__Records for this task__

# # # # # # #

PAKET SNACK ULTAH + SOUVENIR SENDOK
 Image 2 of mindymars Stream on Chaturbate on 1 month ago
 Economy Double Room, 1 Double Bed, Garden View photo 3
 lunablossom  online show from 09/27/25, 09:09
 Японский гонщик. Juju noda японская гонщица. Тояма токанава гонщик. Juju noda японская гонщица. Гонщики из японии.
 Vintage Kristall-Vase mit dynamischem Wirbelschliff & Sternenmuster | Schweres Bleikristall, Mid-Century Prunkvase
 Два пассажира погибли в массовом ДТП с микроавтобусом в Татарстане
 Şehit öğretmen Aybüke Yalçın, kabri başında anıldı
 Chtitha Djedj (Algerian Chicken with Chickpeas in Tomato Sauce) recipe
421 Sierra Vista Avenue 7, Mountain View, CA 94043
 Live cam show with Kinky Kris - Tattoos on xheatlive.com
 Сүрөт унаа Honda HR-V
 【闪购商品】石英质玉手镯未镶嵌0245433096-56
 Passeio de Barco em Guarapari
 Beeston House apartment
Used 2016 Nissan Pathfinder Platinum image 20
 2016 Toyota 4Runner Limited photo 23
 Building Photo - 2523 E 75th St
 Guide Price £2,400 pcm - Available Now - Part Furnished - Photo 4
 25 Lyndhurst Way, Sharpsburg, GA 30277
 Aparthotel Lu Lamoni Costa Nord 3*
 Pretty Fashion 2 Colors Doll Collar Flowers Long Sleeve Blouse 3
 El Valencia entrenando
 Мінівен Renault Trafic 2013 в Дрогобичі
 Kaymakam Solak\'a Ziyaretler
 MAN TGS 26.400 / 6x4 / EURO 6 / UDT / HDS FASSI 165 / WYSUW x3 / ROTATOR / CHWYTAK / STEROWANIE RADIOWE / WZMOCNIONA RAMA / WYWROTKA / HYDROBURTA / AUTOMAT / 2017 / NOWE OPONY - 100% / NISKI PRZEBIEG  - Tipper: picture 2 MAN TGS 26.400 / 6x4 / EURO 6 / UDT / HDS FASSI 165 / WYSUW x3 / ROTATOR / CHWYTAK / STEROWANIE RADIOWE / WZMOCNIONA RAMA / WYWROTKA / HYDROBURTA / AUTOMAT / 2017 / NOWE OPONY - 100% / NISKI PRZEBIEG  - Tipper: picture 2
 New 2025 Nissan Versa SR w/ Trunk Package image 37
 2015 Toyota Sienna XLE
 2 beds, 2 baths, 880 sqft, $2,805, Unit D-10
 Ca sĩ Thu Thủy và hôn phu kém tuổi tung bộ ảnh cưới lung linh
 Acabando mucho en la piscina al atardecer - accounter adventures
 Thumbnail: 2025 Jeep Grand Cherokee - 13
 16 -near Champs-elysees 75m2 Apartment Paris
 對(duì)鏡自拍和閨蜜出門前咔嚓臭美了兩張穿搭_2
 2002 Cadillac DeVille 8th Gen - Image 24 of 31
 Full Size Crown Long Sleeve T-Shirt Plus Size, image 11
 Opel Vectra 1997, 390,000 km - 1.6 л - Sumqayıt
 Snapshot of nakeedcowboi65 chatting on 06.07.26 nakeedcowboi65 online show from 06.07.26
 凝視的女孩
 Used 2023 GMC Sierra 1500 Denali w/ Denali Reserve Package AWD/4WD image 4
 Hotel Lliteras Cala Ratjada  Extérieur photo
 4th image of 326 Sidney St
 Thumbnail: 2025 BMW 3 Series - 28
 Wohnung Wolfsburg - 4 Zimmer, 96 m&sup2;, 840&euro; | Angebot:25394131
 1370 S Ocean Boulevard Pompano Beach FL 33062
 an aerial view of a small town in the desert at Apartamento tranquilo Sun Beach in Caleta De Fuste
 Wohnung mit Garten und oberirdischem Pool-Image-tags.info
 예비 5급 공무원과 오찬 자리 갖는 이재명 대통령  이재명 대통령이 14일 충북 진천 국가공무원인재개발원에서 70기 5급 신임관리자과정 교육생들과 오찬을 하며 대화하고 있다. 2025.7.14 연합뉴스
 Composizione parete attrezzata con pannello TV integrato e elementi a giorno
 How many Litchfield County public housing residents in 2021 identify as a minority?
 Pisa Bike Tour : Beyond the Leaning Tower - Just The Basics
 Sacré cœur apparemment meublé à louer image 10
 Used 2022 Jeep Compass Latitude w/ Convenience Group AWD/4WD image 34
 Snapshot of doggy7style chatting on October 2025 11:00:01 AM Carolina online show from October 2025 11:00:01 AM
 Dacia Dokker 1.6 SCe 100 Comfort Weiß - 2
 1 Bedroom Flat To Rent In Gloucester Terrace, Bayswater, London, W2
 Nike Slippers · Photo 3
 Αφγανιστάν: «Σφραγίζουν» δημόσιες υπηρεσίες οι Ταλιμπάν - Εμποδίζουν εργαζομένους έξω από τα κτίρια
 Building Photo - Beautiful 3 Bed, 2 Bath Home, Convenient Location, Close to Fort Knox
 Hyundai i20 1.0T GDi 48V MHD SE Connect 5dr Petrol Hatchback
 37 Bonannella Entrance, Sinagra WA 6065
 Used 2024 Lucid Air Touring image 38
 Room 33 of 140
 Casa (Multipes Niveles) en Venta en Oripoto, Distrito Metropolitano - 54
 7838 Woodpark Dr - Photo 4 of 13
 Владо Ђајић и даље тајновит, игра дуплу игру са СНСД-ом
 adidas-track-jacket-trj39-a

# # # # # # #

__Your goal__
Within the data above, the span starting at the line containing "Building Photo - 2523 E 75th St" and ending at the line containing "Kaymakam Solak\'a Ziyaretler" is to be retyped exactly, with no other lines.

__Completed task__
 Building Photo - 2523 E 75th St
 Guide Price £2,400 pcm - Available Now - Part Furnished - Photo 4
 25 Lyndhurst Way, Sharpsburg, GA 30277
 Aparthotel Lu Lamoni Costa Nord 3*
 Pretty Fashion 2 Colors Doll Collar Flowers Long Sleeve Blouse 3
 El Valencia entrenando
 Мінівен Renault Trafic 2013 в Дрогобичі
 Kaymakam Solak\'a Ziyaretler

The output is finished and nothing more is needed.